Segment Start: MATERIAL PROVIDED

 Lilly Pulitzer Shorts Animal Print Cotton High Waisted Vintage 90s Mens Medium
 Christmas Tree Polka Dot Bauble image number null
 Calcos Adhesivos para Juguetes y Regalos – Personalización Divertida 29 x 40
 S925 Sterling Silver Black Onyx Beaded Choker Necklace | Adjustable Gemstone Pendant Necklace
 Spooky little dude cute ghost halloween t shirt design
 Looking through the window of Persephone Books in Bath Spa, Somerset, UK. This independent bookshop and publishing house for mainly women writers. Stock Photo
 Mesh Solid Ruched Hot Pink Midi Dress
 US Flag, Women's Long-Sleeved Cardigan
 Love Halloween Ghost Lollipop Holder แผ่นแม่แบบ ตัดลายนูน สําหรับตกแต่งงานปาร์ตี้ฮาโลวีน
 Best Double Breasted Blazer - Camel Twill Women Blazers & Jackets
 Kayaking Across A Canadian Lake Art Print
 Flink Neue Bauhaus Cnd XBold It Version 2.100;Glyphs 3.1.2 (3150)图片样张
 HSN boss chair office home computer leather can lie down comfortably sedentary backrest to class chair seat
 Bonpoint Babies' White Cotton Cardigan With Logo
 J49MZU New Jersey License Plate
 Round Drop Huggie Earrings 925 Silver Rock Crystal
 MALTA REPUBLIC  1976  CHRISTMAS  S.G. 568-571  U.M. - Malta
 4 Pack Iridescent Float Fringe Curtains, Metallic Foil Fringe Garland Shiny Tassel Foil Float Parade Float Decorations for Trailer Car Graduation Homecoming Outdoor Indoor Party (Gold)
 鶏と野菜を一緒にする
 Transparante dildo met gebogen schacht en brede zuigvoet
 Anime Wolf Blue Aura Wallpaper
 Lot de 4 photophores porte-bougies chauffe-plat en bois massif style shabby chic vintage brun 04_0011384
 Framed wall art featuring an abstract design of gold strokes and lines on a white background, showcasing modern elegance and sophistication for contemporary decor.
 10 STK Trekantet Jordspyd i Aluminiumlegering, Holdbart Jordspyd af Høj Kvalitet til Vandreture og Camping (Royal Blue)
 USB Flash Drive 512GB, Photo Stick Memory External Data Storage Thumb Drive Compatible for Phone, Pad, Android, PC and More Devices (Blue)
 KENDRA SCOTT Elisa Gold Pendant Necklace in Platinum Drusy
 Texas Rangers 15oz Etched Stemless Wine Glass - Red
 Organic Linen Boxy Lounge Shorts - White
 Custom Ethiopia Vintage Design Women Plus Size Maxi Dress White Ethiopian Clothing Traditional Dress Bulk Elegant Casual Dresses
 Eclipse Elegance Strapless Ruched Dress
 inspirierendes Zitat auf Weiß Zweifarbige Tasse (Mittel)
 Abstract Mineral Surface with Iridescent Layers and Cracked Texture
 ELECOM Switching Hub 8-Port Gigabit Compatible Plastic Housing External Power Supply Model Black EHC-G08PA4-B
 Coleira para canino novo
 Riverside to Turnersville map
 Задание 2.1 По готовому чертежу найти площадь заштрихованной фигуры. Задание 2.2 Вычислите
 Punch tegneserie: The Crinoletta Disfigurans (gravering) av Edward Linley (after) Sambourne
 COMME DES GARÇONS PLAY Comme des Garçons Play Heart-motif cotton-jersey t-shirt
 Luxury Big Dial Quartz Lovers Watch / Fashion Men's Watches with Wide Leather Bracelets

Segment End: MATERIAL PROVIDED

■ **TASK TO CARRY OUT**
Lines from the one containing "Abstract Mineral Surface" through the last line of the records, restated word for word: that is the whole response.

■ **ANSWER BELOW**
 Abstract Mineral Surface with Iridescent Layers and Cracked Texture
 ELECOM Switching Hub 8-Port Gigabit Compatible Plastic Housing External Power Supply Model Black EHC-G08PA4-B
 Coleira para canino novo
 Riverside to Turnersville map
 Задание 2.1 По готовому чертежу найти площадь заштрихованной фигуры. Задание 2.2 Вычислите
 Punch tegneserie: The Crinoletta Disfigurans (gravering) av Edward Linley (after) Sambourne
 COMME DES GARÇONS PLAY Comme des Garçons Play Heart-motif cotton-jersey t-shirt
 Luxury Big Dial Quartz Lovers Watch / Fashion Men's Watches with Wide Leather Bracelets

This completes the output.